The dads of DC Comics tend to be idealized wellsprings of sage wisdom that are also usually dead. Thomas Wayne, Jor-El, Henry Allen (who was such a martyr that he went to jail for a crime he didn’t commit). Of course, Wonder Woman doesn’t have a dad, but…you know. Marvel dads are shady war profiteers, mad scientists, or, in the case of Star-Lord, living planets. In this Marvel Cinematic Universe, your parents will probably disappoint you in some way, forcing you to atone for their sins. You can see this trope at play outside of Marvel — in the Star Wars films, Blade Runner, Game of Thrones, and numerous other examples.

Guardians 2 has quite a bit in common with the much-maligned 2010 sequel TRON Legacy — a film where a hubristic, single-minded, emotionally (and physically) unavailable father reveals himself to a pissed-off kid. In both films, a Baby Boomer icon (Russell here and Jeff Bridges in TRON) is given his youth back through computer wizardry, though results vary. Where these parents end up at the end isn’t the same either, but it’s indicative of some kind of generational frustration with the state our parents are choosing to leave the world when they’re deceased.

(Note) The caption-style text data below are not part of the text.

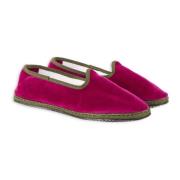 Dames effen fuchsia fluwelen schoenen met contrasterende details Gallo...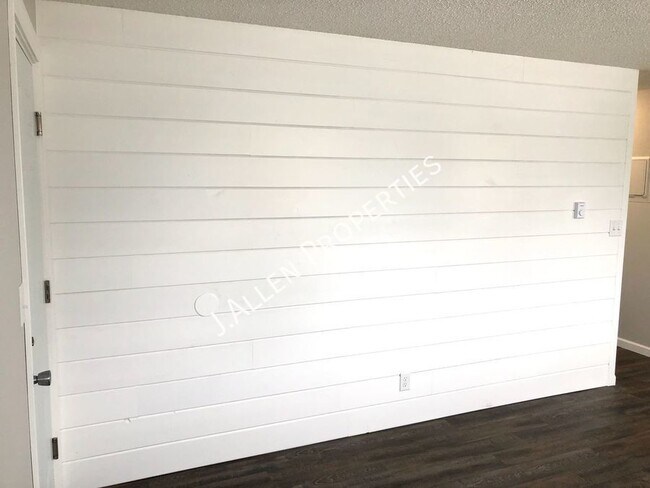 Building Photo - Beautiful Modern 2 bed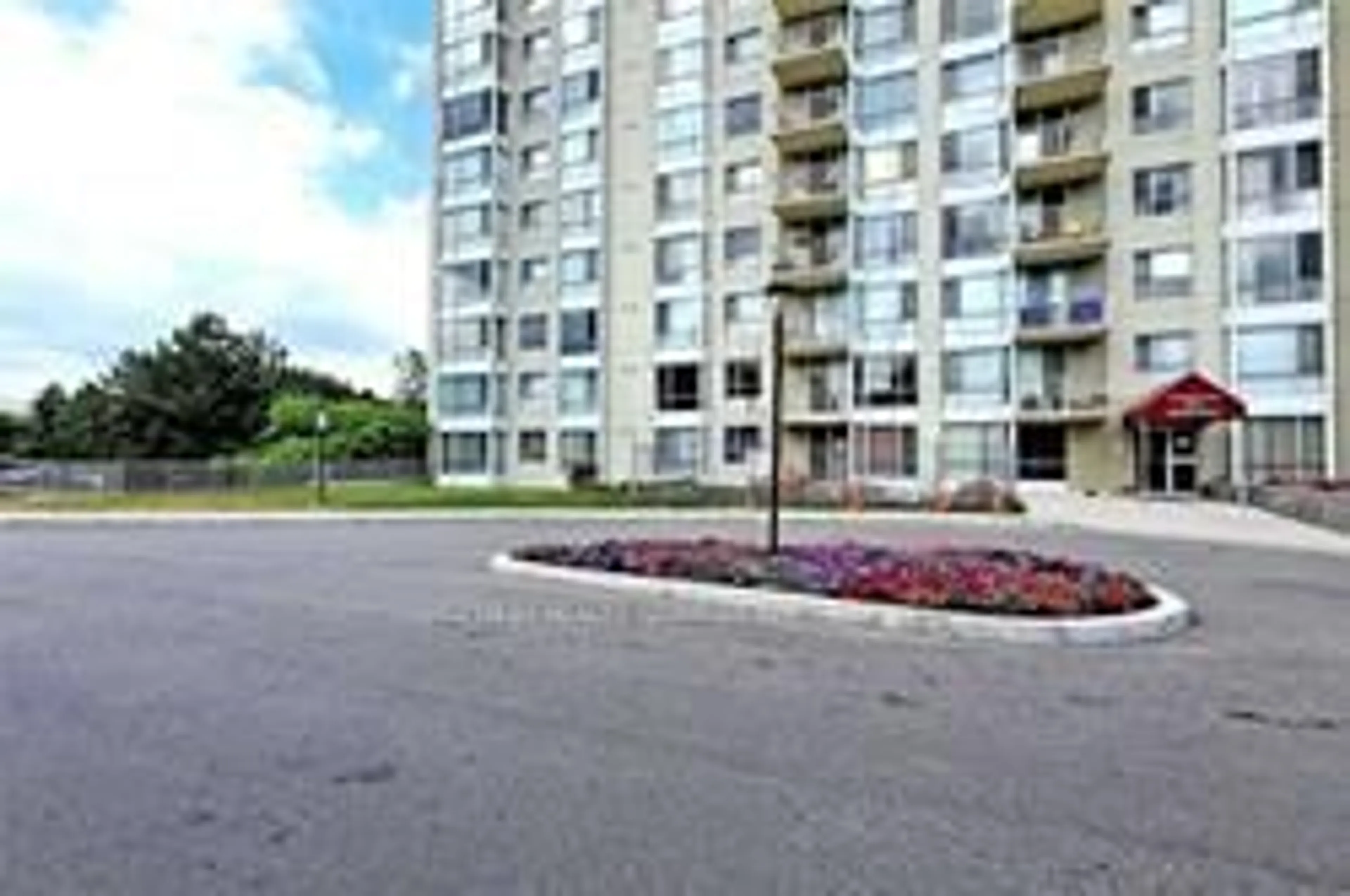 A pic from exterior of the house or condo for 3077 Weston Rd #1801, Toronto Ontario M9M 3A1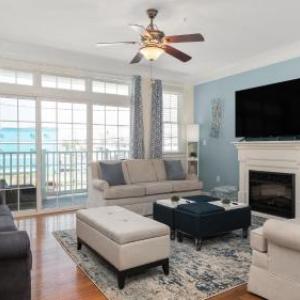 Stylish 3BR w Game Room Views Near Beach Boardwalk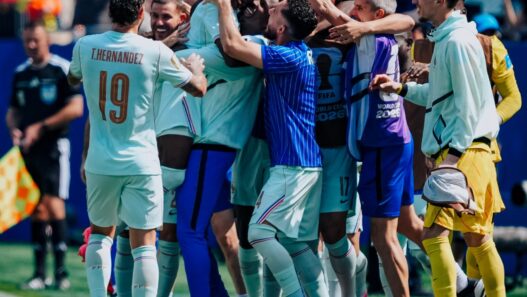 Dembélé faz hat-trick, França derrota a Noruega e foge do caminho do Brasil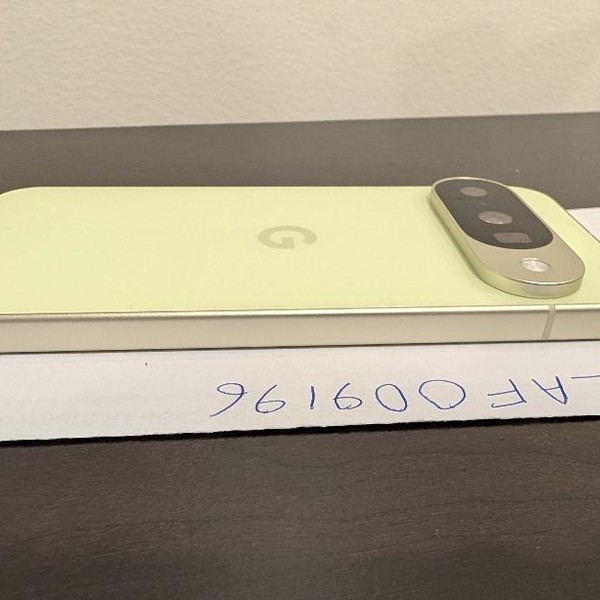 Google Pixel 10 - Unlocked, 128 GB, Lemongrass, GLBW0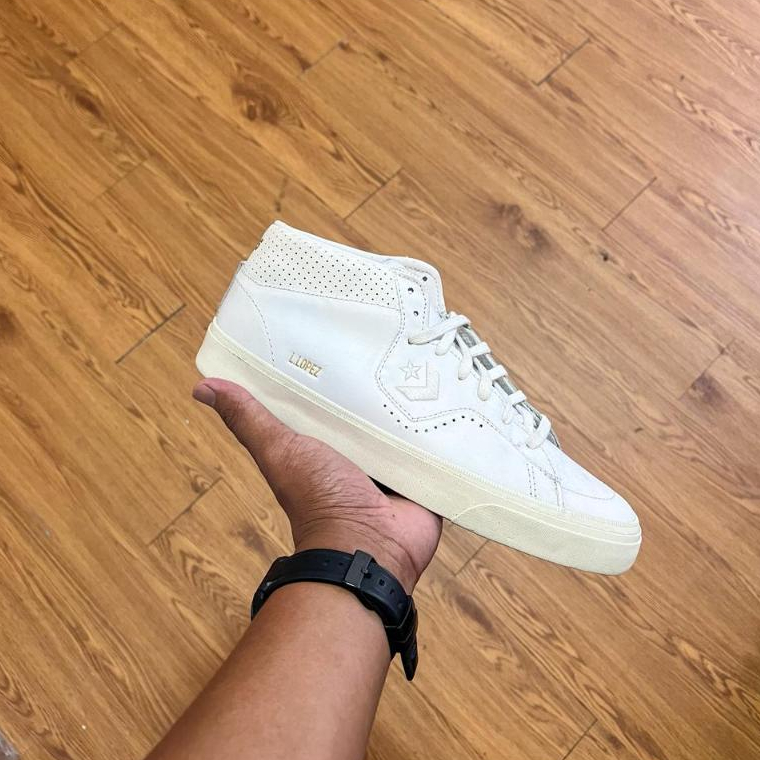 Sepatu Sneakers Converse Louie Lopez Mid White A05090C Original Resmi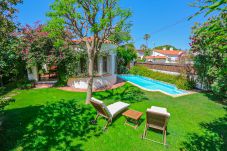 Villa in Cambrils - VILLA FALGUERA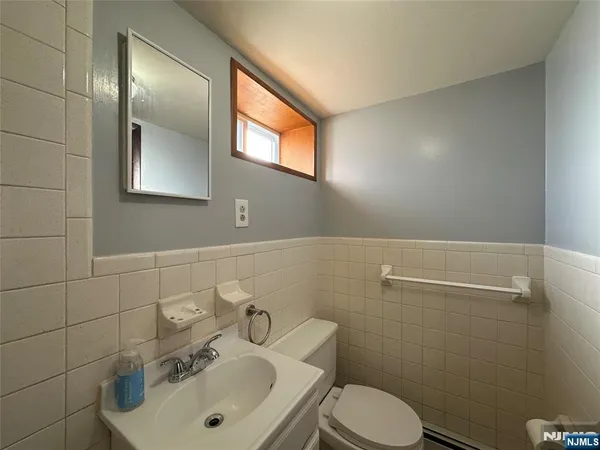 $2,950 | 299 High Street, Unit 1, North Arlington, NJ 07031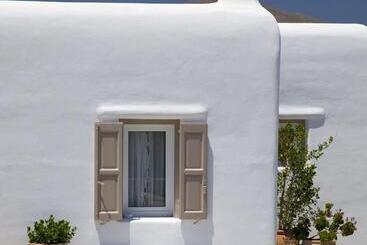 هتل Eleni's Village Suites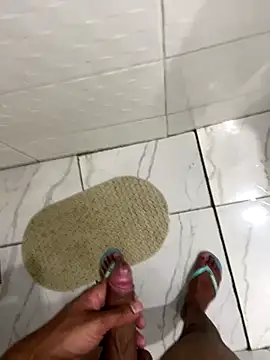 Snapshot of Morenolatino881 chatting on 12.01.25 Morenolatino881 online show from 12.01.25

Once again, Chris Pratt asserts himself as a perfect avatar for the ascendant demographic of moviegoers — nailing the wise-cracking, stunted man-child figure who just wants a father to tell him he did well. He plays vulnerability and guilelessness better than most of his contemporaries in the leading man category, and that pays off here. Imagining charming, slightly daffy Pratt in place of concrete slab Garrett Hedlund in TRON Legacy is one of my most painful pastimes.

It should be said that these movies would not work half as well without the talents of the rest of the cast. Zoe Saldana as Gamora and Karen Gillan as Nebula play out a sisterly feud that has nothing to do with the typical reasons why women fight in movies. Refreshingly, it’s about respect, and a shitty dad (of course)— topics often reserved for the men in genre entertainment. Dave Batista’s consistently hilarious work as Drax nearly upstages the bigger names in the group, and I still find it remarkable that a talking raccoon and a tree that only knows three words can engender as much sympathy from me as Rocket and Groot do.

The conspicuous presence of Sylvester Stallone — in his first sci-fi film since the wretched Judge Dredd, unless you’d like to count Spy Kids 3: Game Over as sci-fi — is brief and carries the promise of more to come. Stallone does his best to chew on the wordy, esoteric dialogue, comes close to pulling you out of the film with his iconic presence, but deftly finds emotional resonance in the short amount of screen time he’s given. That Tango and Cash can be in the same movie, yet share no scenes together is surely a missed opportunity, but for as much nostalgia as the Guardians movies deal in, Gunn is smart enough to not bury his work in it.

Guardians of the Galaxy 2 takes great care to remind its audience that idealizing the past can be a dangerous thing, even if it’s great fun. Both of these films are a curious melding of the modern, ironic vibe that made Marvel the biggest thing in cinema with a wistful remembrance of the very childhood that forged our collective love for this form of storytelling. They are, in a small way, an attempt to reconcile who we are with what we were and where we thought we’d be by now. In our own way, we’re all a bunch of weirdoes on a spaceship with no direction home, just trying our best to get by.